We spoke to Katie about her team's new mission.
Katie> We take a more academic view of culture and define it as the shared values, attitudes and behaviour of a group of people. In our opinion, there is no force on human behaviour bigger than culture, even Byron Sharp. And when a brand affects the culture of a category, there’s a big commercial upside.
So when we say ‘culture is serious business’ this is what we specialise in. It’s about making a genuine business case for it, based on evidence, creativity and a growing body of work. It isn’t Gen Z suffer from #FOMO.
Katie> Relaunching the agency wasn’t a decision we took lightly. But over the last 12 months, a lot has changed in the business and the industry more broadly. The type of work we’re being asked to do is different, the type of talent that want to work here is different, and the type of campaigns we’re creating have an exciting new direction to them.
It didn’t make sense to just fold our culture-first positioning into our existing agency. To do the type of work we want to do, we needed a genuine agency brand with bolder ambitions and a much clearer statement of intent. It wasn’t about the usual agency nip and tuck rebrand. We wanted to create a brand that’s genuinely different and means as much internally to our people as it does externally.
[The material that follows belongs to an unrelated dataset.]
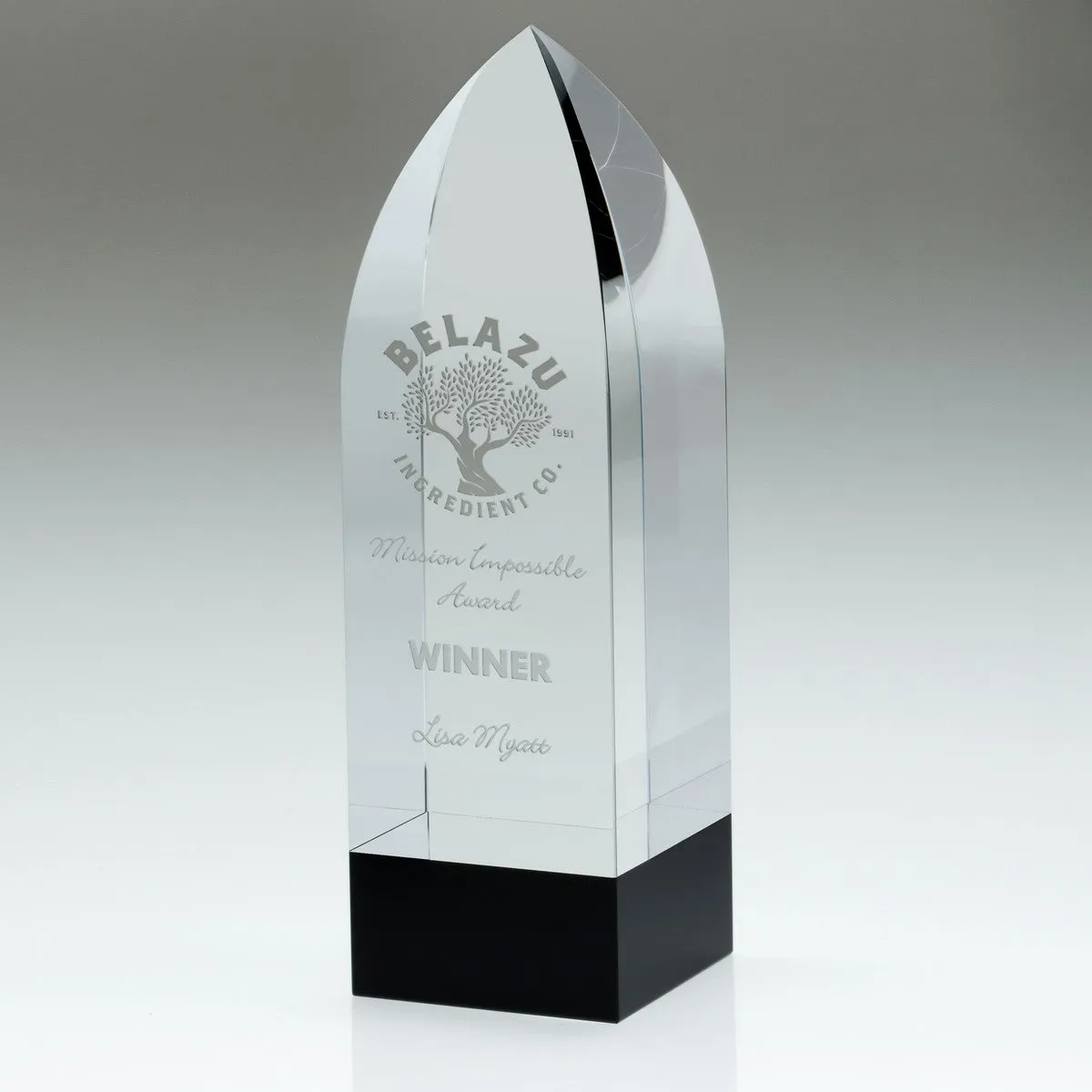 Pointed Column Glass Trophy with Black Base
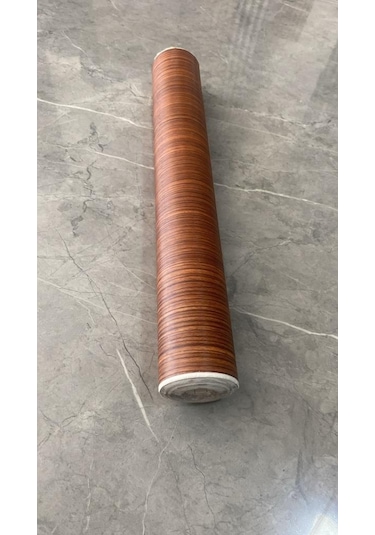 45cm X 10 Metre 1 Rulo Folyo Yapışkanlı Kestane Ahşap Görünümlü Mutfak Duvar Kaplama Folyosu Kağıdı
Katie> Ultimately, the industry spends a disproportionate amount of time trying to understand absolutely anything and everything, apart from real people. I read a ridiculous statistic the other day that even the majority of qualitative research is now online. Our cultural strategy methods are about putting some soul back into the hyper rationalised way we do things in our industry. Combining marketing fundamentals like good objectives and a problem, with a deep understanding of what people do, not what they say they do.
Not only is this proving to be more effective and efficient, there is a wide body of research that suggests brands that lead the culture of a category outperform the competition.
Alycia Raco, strategy director says: “What excites me the most about Hopeful Monsters is that we have to put our money where our mouth is. It isn’t a wallflower position. We’ve already assembled a cultural strategy and research team where everyone is trained and qualified to actually do it.
“At the end of the day, people don’t spend much time thinking about brands. They care about themselves and their own problems. Our commitment to starting here grounds our work in the real world and with real people.”
Barclay adds: “I’m in awe of what the team has achieved in the last 12 months to get us to this point, as well as our clients that have supported us. We’ve grown more in the last year than we have in the previous 18. It won’t always be easy, but we’re all 100% committed to the mission.
“And we’re well on our way. Doing influential work for a lot of influential brands, with clients and talent that epitomise what it is to be a Hopeful Monster.
“Take Converse. Our work with Converse globally has been recognised by Fast Company in their Top Ten Most Innovative brands in the world and led to them being the fastest growing brand with young people. That’s Hopeful Monster behaviour.”
So what’s in the name? Moggridge adds: “It’s inspired by some controversial science. Most species evolve painstakingly slowly over thousands of years. However, every now and then a rare few make a giant leap that changes the lineage of a species forever. It’s called a Hopeful Monster. We're here to help brands make this type of change in their category and in our own.”
The Hopeful Monsters portfolio of clients includes Converse, Red Bull, Adobe, Resmed, Noom, Goodman Fielder, RSPCA NSW, Pizza Hut and Atlantis Dubai.